Work order:
Using the data below, print exactly the line with "Espectro electromagnético El", the line with "An image of Pool Plumbing Layouts", and every line between them, but none of the pictures.

Data extracts:
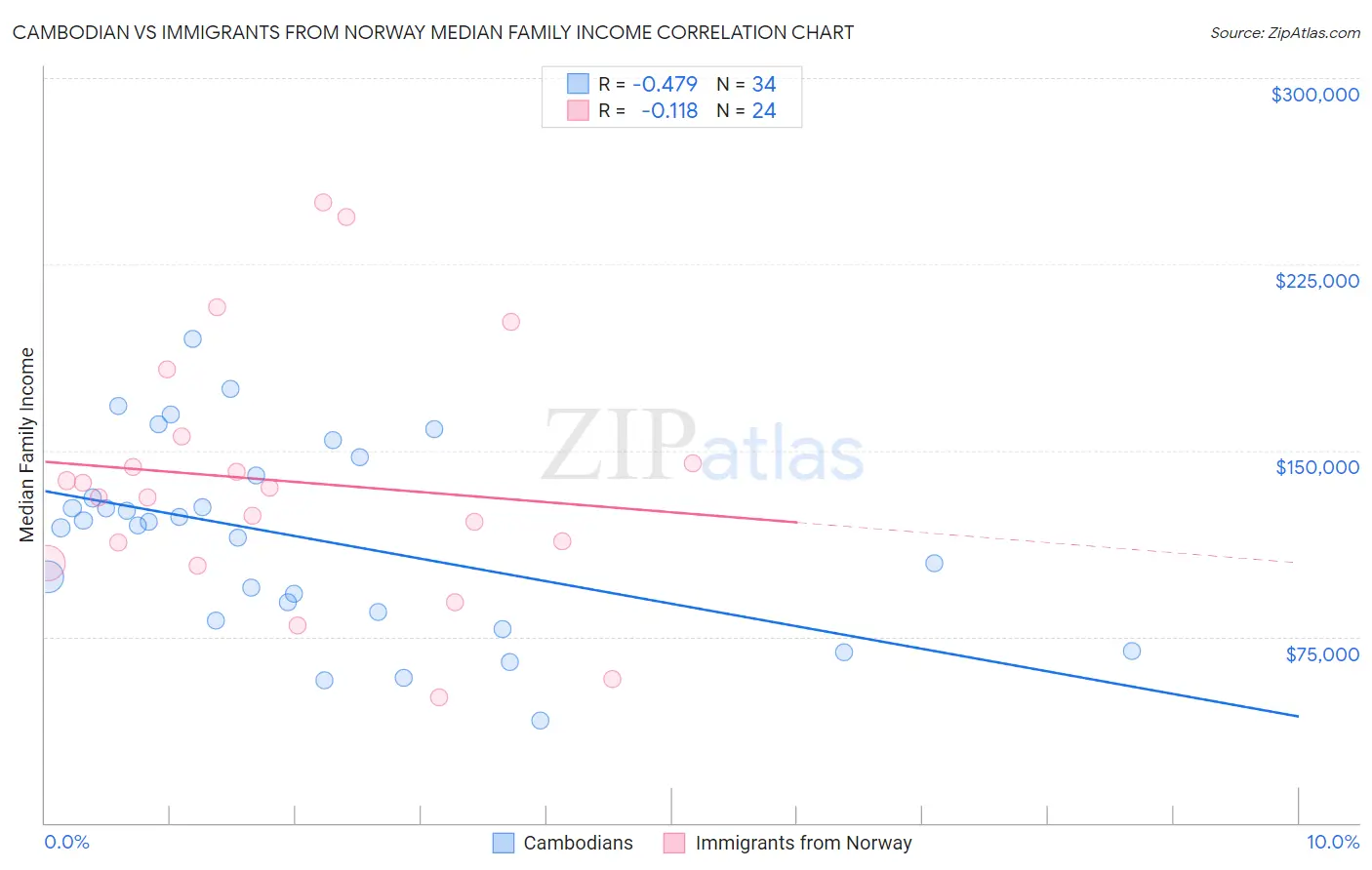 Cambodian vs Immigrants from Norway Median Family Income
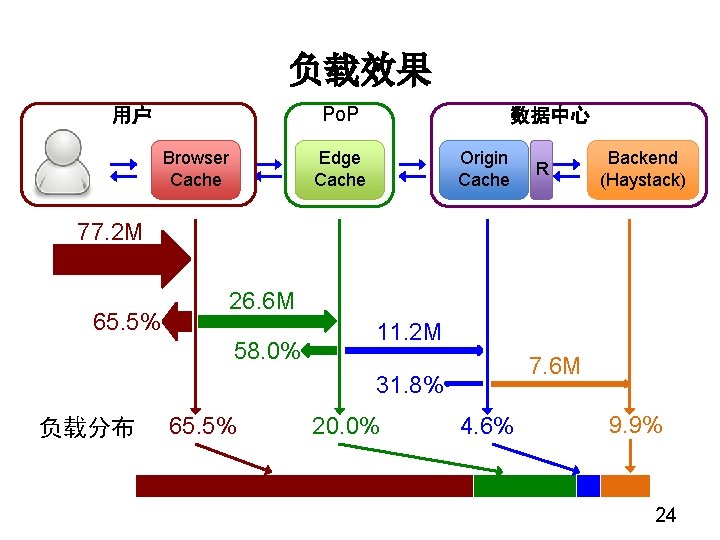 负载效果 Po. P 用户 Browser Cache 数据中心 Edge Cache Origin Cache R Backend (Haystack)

==

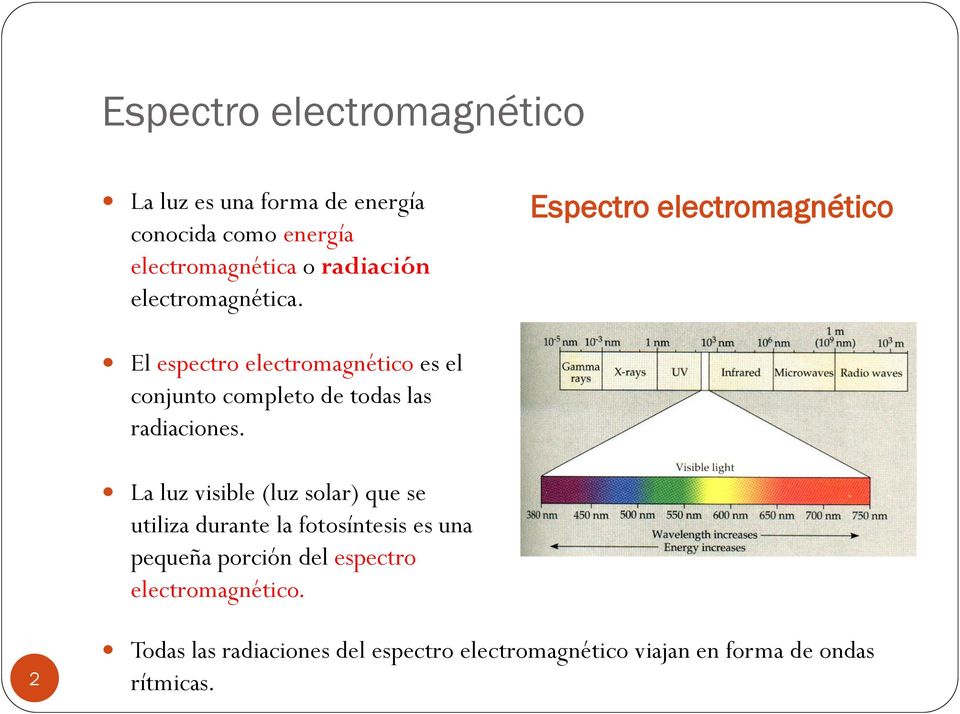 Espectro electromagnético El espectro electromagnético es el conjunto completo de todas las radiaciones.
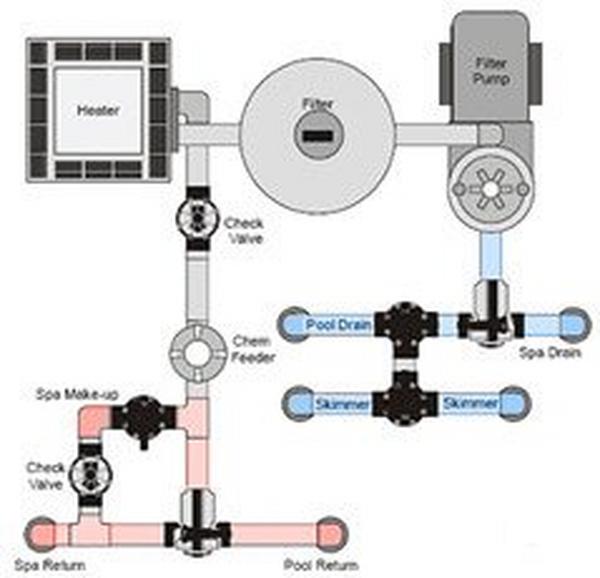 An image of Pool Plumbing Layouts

Task output:
 Espectro electromagnético El espectro electromagnético es el conjunto completo de todas las radiaciones.
 An image of Pool Plumbing Layouts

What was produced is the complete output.